We show that labor training requirements for high-skilled occupations increased in the U.S. from 2006 to 2019. These greater training requirements reduce the extent to which workers displaced from shrinking occupations can relocate to expanding (high-skilled) occupations, thus affecting both the equilibrium occupational structure and the unemployment level. We build a quantitative model in which labor is displaced by task-replacing technological change embodied in robots (“tasks shock”) and the extent of occupational switching depends on the destination occupations' training requirements. We find that: (i) task-displacing technological change increases steady-state unemployment, but it reduces unemployment along the transition; (ii) in contrast, a comparable shock to capital embodied technological change produces larger unemployment rates with respect to the tasks shock, both in the transition and the steady state; and (iii) greater training requirements in high-skilled occupations increase steady-state unemployment and affects the occupational structure along the transition, but their effect depends on the size of the technological shock.
The Skill Inside the Task: How AI and Robotics Reshape the Structure of Work . Munich Personal RePEc Archive No. 125404.

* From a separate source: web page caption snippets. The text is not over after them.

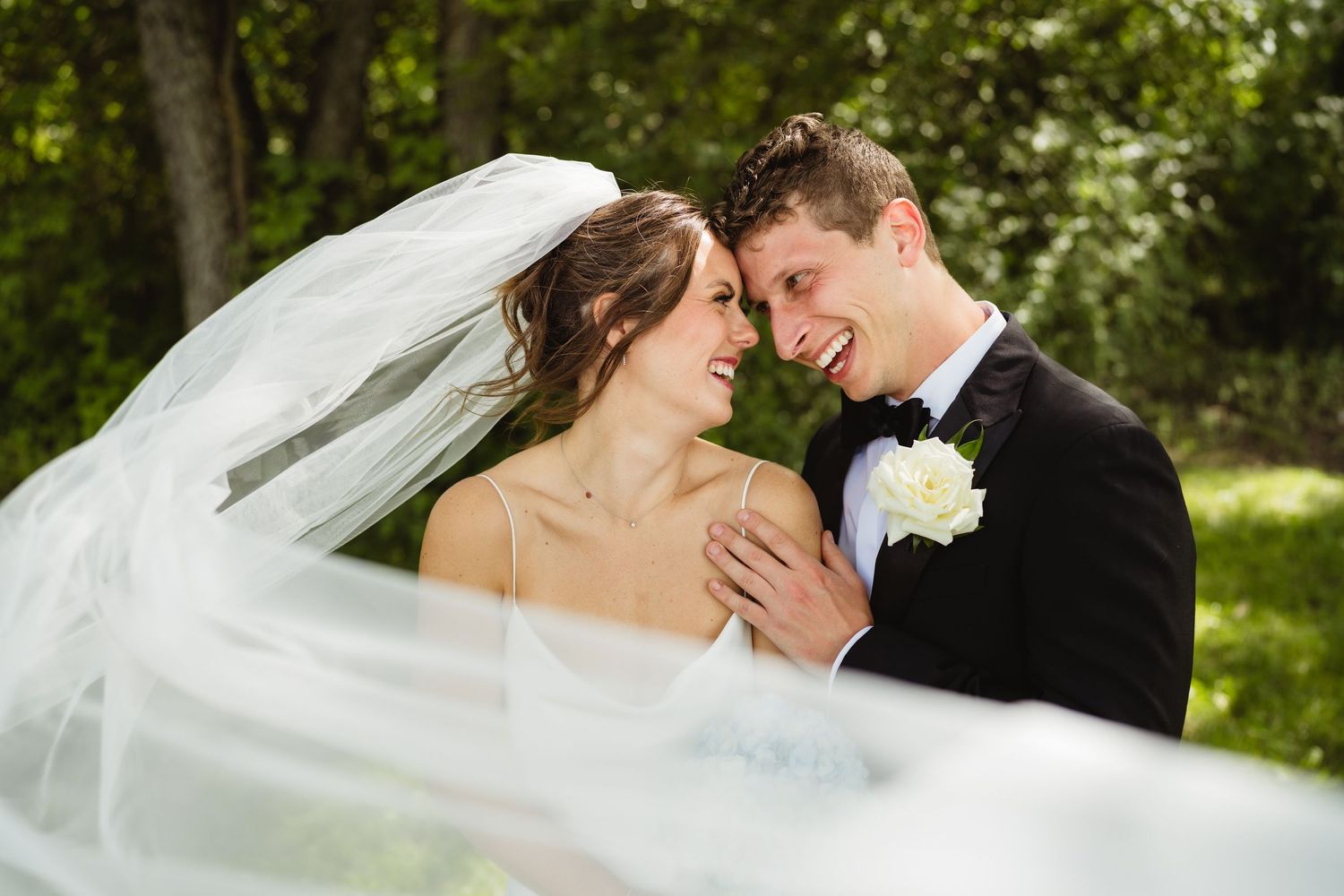 Bride and groom smiling together in a lush green meadow, groom in black tuxedo with boutonniere.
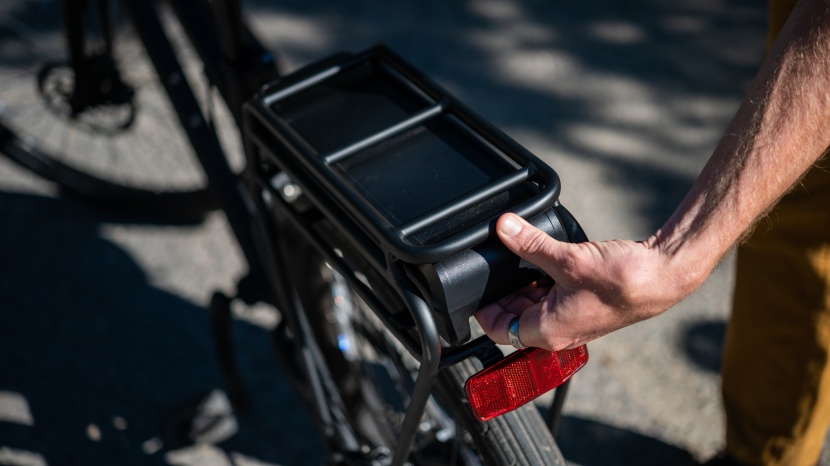 electra townie go! 7d - the battery slides into position within the cargo rack. it is easily...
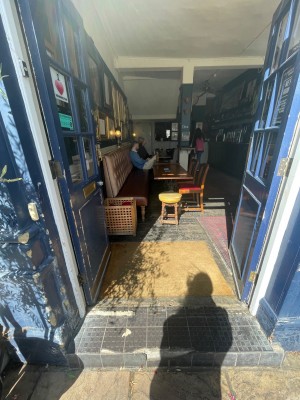 Blue wooden double doors with glass panel. Push metal panel in middle of right door to open.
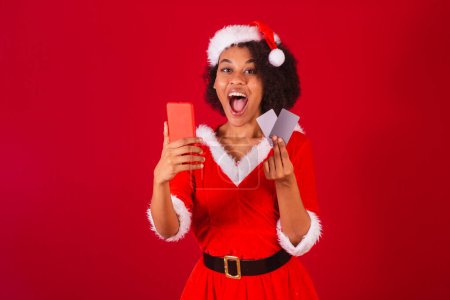 Téléchargez les photos : Belle femme brésilienne noire, habillée en Père Noël claus, maman claus, tenant smartphone et cartes de crédit - en image libre de droit
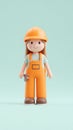 Construction worker doll wearing orange overalls and helmet Royalty Free Stock Photo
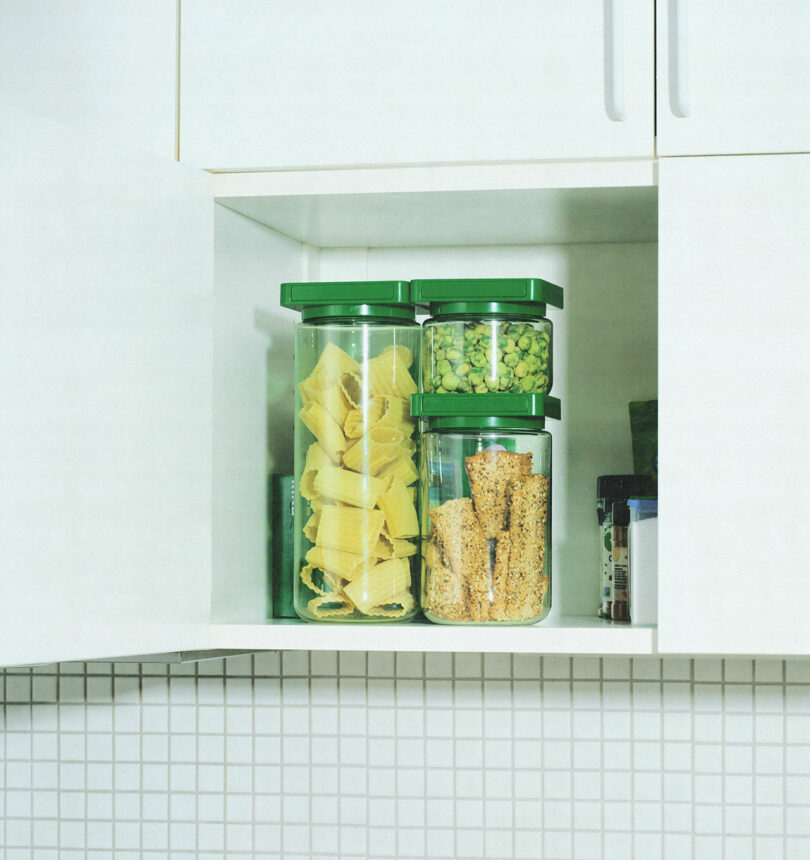 Modern kitchen cabinet with white cabinetry and tiled backsplash, featuring transparent storage jars with green lids holding pasta and snacks.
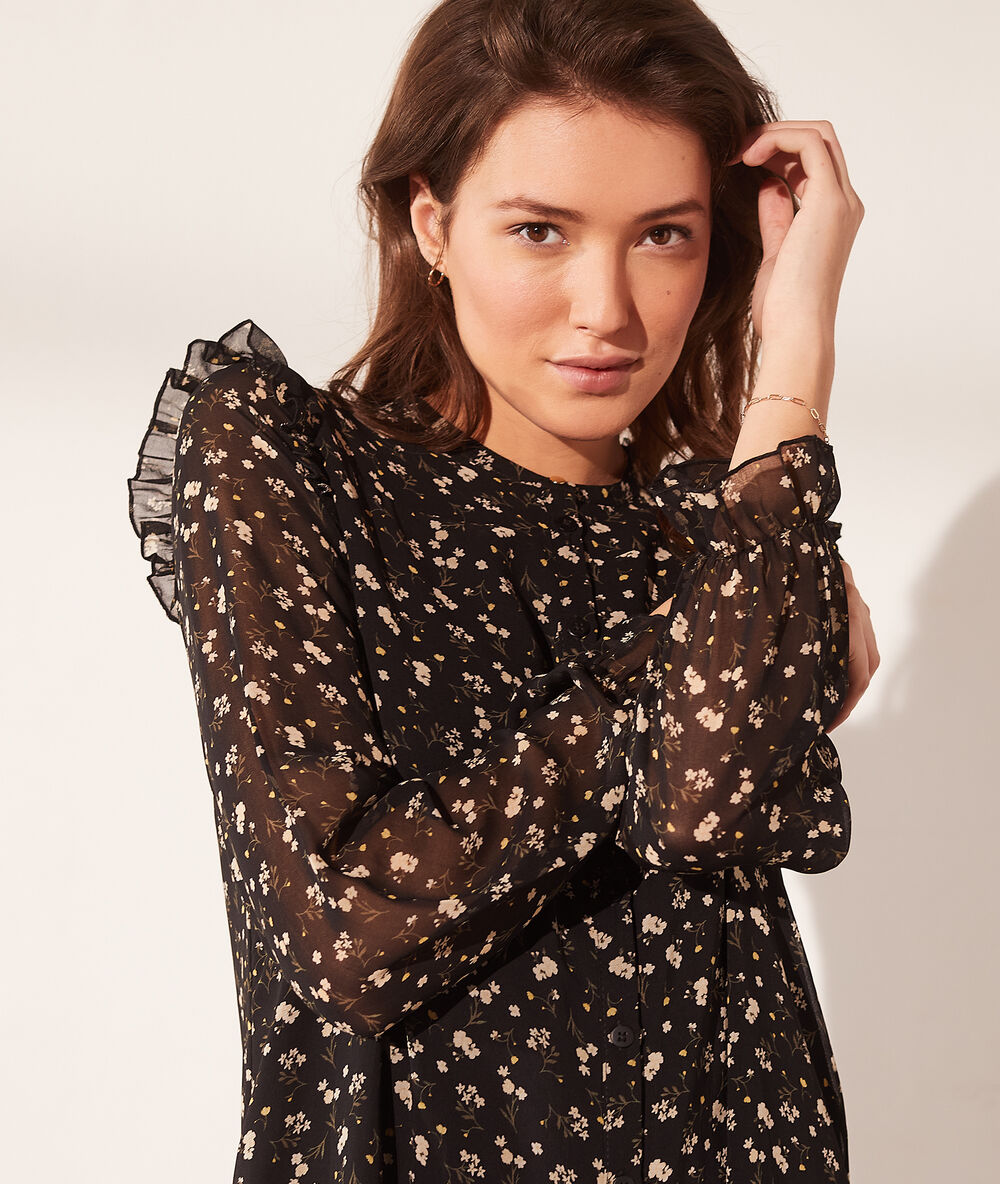 Vestido vaporoso estampado floral negro.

We examine how exposure to artificial intelligence (AI) and robotics reshapes the skill composition of occupations. Using O*NET data from 2006 to 2019, we construct indicators tracking over time the importance of seven broad skill categories within each occupation. We link these indicators to task-based measures of technological exposure at the occupational level. We then focus on the effect of AI and robotics in affecting the skill composition of high-, middle- and low-skilled groups of occupations. We find that AI primarily affects high-skill occupations by increasing the importance of Technical and Resource skill and decreasing that of System and Social skills. Robotics instead boosts Technical skills in middle and low-skill jobs and reduces Process skills in low-skilled occupations. Instead, neither AI nor robots affect the importance of Complex Problem skills.
Does Risk Shape Economies? Income Volatility and Structural Change DP20594|CEPR (with Alessio Moro and Andrea Mottola).

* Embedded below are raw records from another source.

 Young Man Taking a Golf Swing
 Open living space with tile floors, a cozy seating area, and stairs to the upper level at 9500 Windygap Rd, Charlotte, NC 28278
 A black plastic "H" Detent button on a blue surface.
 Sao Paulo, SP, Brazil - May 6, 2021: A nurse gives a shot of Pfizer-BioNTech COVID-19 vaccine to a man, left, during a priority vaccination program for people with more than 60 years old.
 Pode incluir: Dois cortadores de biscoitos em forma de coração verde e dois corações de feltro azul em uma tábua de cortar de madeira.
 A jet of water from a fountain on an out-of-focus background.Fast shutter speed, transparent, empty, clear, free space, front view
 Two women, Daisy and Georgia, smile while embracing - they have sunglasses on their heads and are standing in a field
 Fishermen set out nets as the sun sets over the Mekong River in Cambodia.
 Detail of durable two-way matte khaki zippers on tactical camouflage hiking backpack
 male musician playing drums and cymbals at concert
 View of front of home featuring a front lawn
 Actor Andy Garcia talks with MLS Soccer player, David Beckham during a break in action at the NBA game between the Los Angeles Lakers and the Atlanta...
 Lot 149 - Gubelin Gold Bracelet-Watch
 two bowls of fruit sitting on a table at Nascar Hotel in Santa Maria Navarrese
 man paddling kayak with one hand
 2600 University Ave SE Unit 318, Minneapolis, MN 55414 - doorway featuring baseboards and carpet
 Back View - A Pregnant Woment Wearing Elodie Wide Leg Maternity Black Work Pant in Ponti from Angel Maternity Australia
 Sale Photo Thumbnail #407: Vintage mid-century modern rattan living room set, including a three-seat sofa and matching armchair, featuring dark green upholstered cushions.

We investigate the role of risk in shaping structural transformation. First, we show that in a simple two-sector model, for any given level of GDP, higher microeconomic risk (e.g. volatility of TFP shocks) implies a smaller share of services in consumption, because it induces the representative household to increase savings, whose level determines the structure of consumption due to non-homotheticity. Time-series and cross-sectional U.S. data confirm a negative relationship between different measures of risk and the share of services. This also holds in South-American and Asian countries. As these countries faced lower risk relative to the U.S. during their development, the proposed mechanism can account for part of their premature de-industrialization. Had the U.S. experienced the same GDP volatility before WWII as it did after, its average services share would be 0.023 percentage points higher - roughly 30% of the gap with premature de-industrializers at comparable income levels.

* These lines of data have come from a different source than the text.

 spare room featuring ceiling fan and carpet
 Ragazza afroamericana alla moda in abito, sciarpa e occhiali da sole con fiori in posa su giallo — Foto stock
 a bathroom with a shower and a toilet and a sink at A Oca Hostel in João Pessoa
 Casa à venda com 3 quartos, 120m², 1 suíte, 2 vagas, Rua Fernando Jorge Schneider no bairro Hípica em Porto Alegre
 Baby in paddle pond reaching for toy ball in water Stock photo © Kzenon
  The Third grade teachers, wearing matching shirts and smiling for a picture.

A Theory of Structural Change, Home Production and Leisure STEG WP071 (with Alessio Moro, Francisco Javier Rodríguez Román, Silvio Tunis).
Why do agents consume more services relative to goods as income grows? We present a theory of structural change assuming that a representative household satisfies final needs by means of two home-production functions in time and either goods or services from the market. When calibrating the model to U.S. data, roughly half of structural change is accounted for by technological change allowing services to display a larger time saving than goods in satisfying final needs. Also, even if preferences are homothetic, the calibrated model generates endogenous income effects, which account for the remaining structural change generated by the model.